- [Assignment]
The records below are to be repeated exactly, and their pictures left out.

- [Exercise inputs]
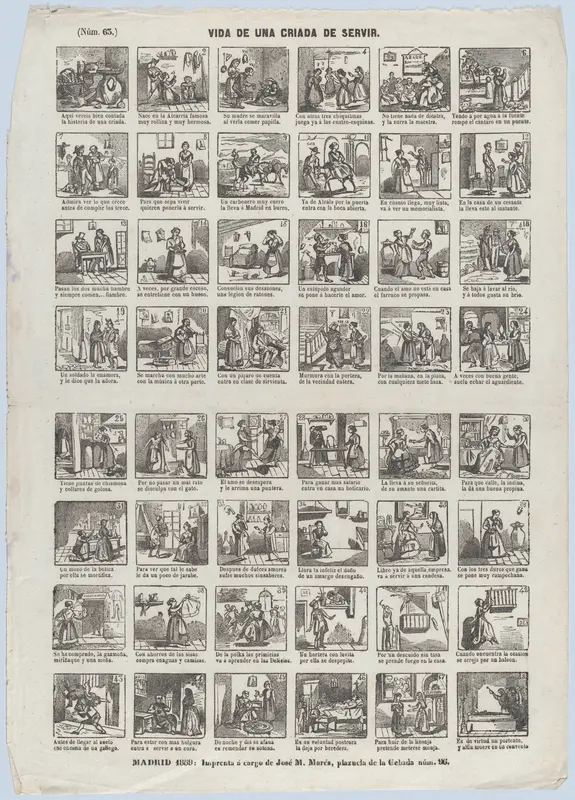 Broadside with 48 scenes depicting the life of a servant girl Wall Art by José María Marés - High-Resolution Digital Print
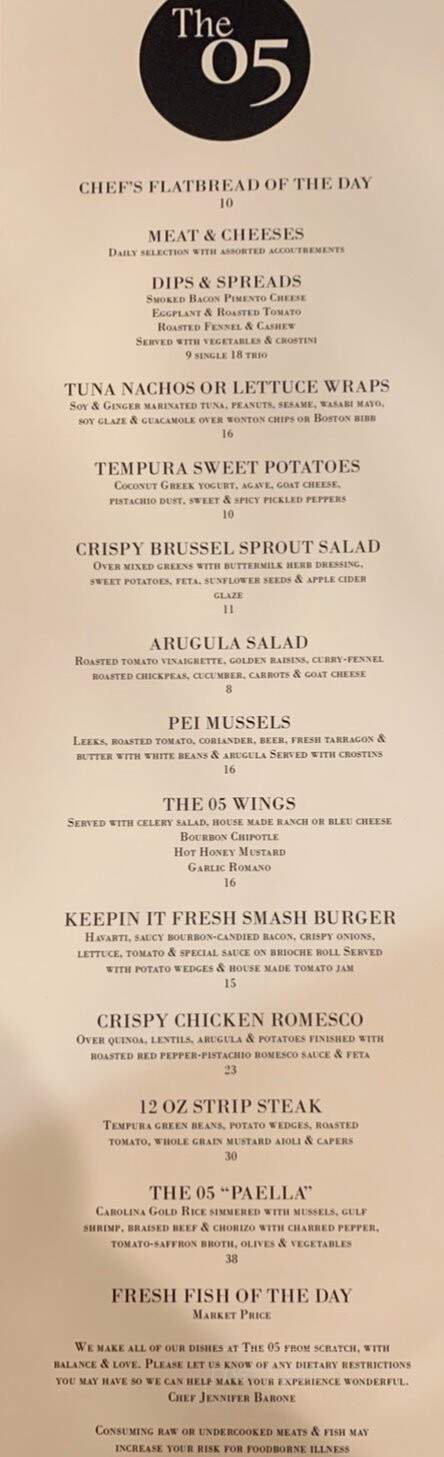 The 05 - Greenville, SC menu_pic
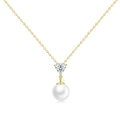 Custom 925 Sterling Silver Fashion Jewelry Pearl Necklace 18K Gold Plated for Women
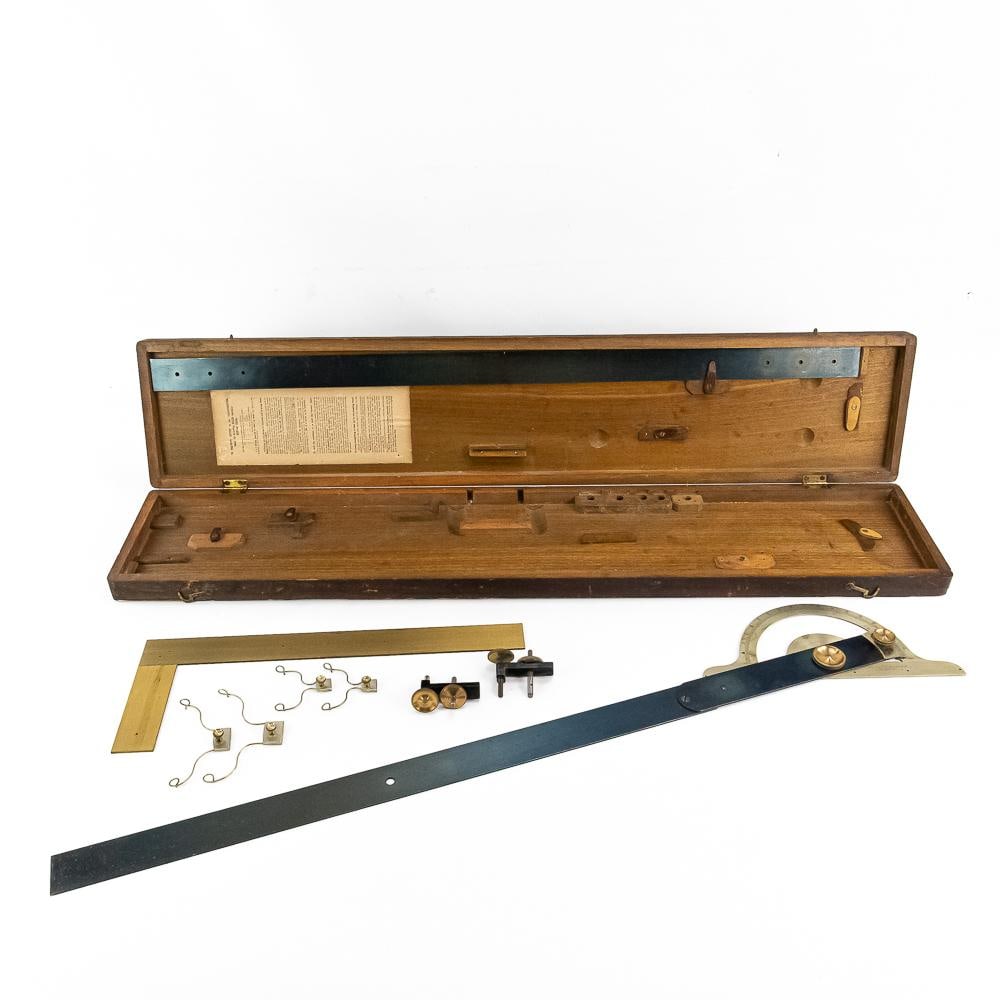 Antique Wooden Cased Trigonometer Drafting Tool: Housed in its original mahogany case, this late 19th or early 20th-century precision drafting instrument is an exceptional piece of engineering history. The "Trigonometer," as indicated by the intact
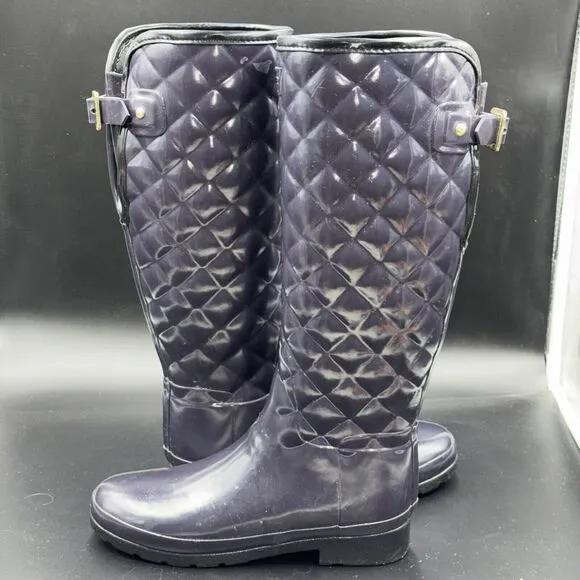 Hunter Women’s Refined Gloss Quilted Rain Boots Size 7 Navy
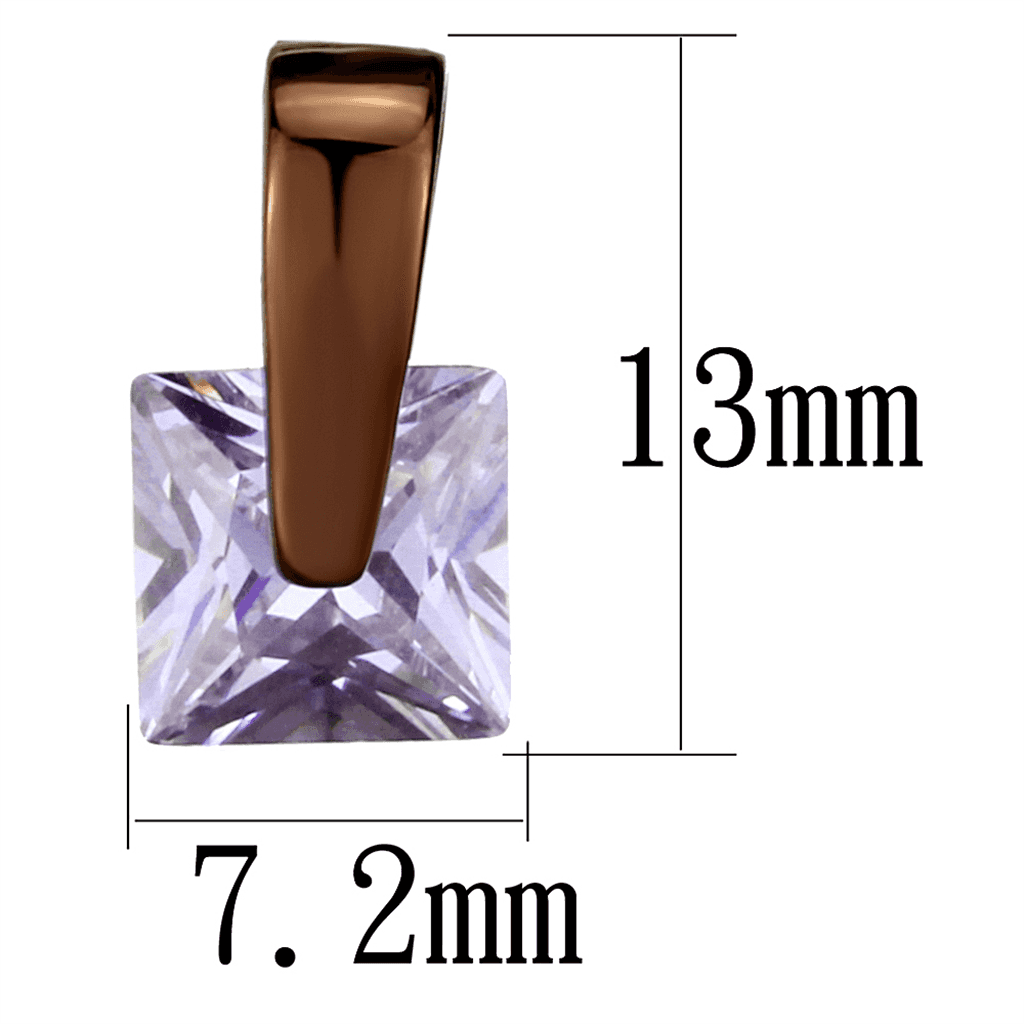 Stainless Steel Coffee Brown IP Lavender Purple Princess Earrings view 2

- [Solution]
 Broadside with 48 scenes depicting the life of a servant girl Wall Art by José María Marés - High-Resolution Digital Print
 The 05 - Greenville, SC menu_pic
 Custom 925 Sterling Silver Fashion Jewelry Pearl Necklace 18K Gold Plated for Women
 Antique Wooden Cased Trigonometer Drafting Tool: Housed in its original mahogany case, this late 19th or early 20th-century precision drafting instrument is an exceptional piece of engineering history. The "Trigonometer," as indicated by the intact
 Hunter Women’s Refined Gloss Quilted Rain Boots Size 7 Navy
 Stainless Steel Coffee Brown IP Lavender Purple Princess Earrings view 2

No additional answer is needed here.